Provided entries START

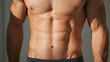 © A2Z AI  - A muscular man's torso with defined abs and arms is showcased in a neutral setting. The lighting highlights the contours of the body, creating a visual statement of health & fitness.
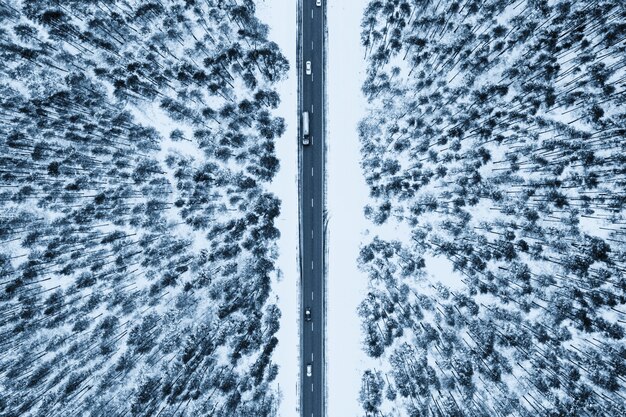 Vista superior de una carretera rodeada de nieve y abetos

Provided entries END
Provided entries START

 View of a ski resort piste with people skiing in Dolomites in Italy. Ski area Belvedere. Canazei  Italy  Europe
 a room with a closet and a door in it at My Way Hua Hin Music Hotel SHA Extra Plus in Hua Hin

Provided entries END

## What is required
Above are the records; return the lines in them from the one with "health & fitness." to the one with "Vista superior de", inclusive, exactly and without images.

## Reply
 © A2Z AI  - A muscular man's torso with defined abs and arms is showcased in a neutral setting. The lighting highlights the contours of the body, creating a visual statement of health & fitness.
 Vista superior de una carretera rodeada de nieve y abetos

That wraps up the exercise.